In my ideal life I would spend a lot of time actually skiing. At one time the ideal and the real coincided enough to give me a solid amount of experience I could use to help less experienced skiers make good choices selecting skis for groomed or off-trail use. This kind of expertise is almost useless in a commercial setting. This is the point the management of Jackson Ski Touring was trying to make when they kept trying to get me to spend a lot less time trying to educate customers and a lot more time separating them more quickly from their money and shoveling them out of the lodge. A boring expert, no matter how helpful, is a lot less attractive than a cheerful, fashion-conscious servant who knows exactly what the customer is talking about at any level and has a quick solution for a price, ready to deploy.

Mind you, in the heyday of the servant class their cheerful demeanor hid all manner of scheming. That almost did not matter to the ruling class as long as no one gave them any attitude. The commercial expert needs a touch more showmanship than a mere servant, but the facade is still more important than actual stick time with the product being sold.

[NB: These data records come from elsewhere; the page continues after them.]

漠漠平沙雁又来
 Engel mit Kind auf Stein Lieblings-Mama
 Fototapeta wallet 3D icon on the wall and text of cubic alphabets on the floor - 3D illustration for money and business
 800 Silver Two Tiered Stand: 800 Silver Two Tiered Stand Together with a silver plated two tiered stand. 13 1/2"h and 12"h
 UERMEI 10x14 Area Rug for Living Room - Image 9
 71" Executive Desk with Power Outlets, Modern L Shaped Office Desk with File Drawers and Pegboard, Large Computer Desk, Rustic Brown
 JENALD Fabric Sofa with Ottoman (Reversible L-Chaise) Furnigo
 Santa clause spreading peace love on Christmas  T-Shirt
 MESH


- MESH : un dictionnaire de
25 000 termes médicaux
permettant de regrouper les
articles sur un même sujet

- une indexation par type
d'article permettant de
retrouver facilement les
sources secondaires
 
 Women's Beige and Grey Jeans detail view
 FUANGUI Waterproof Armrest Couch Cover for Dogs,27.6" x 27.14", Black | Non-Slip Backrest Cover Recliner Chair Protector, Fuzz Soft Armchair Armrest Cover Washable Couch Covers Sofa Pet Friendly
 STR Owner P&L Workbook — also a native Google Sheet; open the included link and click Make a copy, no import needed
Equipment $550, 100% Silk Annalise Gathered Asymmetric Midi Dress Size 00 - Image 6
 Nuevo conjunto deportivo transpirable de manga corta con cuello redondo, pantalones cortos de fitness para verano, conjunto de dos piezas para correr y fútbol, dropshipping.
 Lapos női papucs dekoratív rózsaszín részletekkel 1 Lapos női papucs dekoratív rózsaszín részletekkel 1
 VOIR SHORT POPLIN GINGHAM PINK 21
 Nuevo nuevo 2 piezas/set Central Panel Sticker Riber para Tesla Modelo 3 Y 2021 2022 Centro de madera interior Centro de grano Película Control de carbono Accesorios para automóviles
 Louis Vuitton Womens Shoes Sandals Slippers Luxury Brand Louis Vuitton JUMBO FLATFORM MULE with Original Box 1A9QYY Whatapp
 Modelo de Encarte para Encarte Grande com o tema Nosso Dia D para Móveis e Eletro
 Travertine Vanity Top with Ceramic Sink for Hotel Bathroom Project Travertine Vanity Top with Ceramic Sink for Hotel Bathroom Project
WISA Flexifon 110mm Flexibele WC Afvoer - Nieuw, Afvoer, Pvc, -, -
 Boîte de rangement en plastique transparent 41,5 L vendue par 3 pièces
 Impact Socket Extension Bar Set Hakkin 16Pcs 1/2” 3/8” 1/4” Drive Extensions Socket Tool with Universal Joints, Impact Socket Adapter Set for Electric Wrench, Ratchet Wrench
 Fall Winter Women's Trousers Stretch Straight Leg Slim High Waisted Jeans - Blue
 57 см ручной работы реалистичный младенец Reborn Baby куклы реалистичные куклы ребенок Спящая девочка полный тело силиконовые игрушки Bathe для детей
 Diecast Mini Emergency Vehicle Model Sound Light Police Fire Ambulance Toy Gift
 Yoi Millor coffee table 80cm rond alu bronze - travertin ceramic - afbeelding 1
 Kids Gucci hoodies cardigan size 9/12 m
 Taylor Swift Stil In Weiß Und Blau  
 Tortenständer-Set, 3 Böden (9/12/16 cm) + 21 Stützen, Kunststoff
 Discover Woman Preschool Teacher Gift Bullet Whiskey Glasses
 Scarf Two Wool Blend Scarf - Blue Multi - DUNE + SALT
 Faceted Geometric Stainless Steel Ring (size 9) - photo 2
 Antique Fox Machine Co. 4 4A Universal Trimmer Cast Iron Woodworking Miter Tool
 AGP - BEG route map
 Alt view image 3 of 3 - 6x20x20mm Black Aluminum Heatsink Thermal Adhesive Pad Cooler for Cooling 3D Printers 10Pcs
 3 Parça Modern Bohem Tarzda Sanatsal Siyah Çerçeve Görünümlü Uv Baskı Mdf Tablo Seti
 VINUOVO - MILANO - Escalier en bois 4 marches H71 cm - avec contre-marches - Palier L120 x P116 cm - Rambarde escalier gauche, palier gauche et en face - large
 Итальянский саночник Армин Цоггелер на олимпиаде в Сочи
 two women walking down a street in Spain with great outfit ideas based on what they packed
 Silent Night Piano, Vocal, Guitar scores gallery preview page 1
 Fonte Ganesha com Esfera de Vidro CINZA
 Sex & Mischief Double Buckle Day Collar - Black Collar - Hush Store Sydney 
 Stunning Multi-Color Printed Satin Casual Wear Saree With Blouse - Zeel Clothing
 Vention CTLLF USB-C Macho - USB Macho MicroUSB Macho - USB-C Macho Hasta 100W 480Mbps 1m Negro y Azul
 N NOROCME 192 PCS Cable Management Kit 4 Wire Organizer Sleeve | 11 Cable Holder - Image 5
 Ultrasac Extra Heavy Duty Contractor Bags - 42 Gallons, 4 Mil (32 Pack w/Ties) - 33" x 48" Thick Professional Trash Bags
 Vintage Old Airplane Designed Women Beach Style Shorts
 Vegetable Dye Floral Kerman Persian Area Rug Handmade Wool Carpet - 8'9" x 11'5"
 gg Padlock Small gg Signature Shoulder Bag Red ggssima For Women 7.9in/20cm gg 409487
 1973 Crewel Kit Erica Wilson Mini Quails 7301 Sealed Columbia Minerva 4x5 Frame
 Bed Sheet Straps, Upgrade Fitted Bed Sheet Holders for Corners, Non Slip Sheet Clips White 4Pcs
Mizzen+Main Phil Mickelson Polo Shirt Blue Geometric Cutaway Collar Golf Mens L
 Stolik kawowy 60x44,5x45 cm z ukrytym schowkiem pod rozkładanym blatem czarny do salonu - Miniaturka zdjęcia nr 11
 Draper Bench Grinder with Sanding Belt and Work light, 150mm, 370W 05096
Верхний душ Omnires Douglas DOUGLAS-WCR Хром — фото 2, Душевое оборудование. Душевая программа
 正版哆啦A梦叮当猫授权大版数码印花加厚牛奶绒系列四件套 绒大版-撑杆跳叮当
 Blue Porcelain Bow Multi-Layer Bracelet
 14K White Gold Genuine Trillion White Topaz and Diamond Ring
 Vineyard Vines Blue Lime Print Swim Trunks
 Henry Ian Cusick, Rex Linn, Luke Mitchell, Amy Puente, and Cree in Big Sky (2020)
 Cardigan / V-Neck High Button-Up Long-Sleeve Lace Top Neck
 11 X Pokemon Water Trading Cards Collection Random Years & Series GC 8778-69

Here in Wolfe City the clientele is a bit less high strung and the management is as woefully unfashionable as I am. We're all stupid enough to believe that actually skiing counts for a lot and that the truth often trumps the misleading presentations of the industry that feeds off of the activity. No doubt that explains a lot about our financial circumstances. The poor bastards hired someone to whom principle matters. You know THAT always leads to the poor house.

At this point no one is skiing much. One wonders whether we're seeing the quick end to the cross-country ski era in the United States. If we don't get some winter soon we might be better off making funky furniture out of the rack full of weird, colored sticks in the showroom and devoting ourselves to bicycling year-round. That's actually a diverse enough industry to support many points of view and it doesn't depend on a very narrow and increasingly rare range of conditions to survive.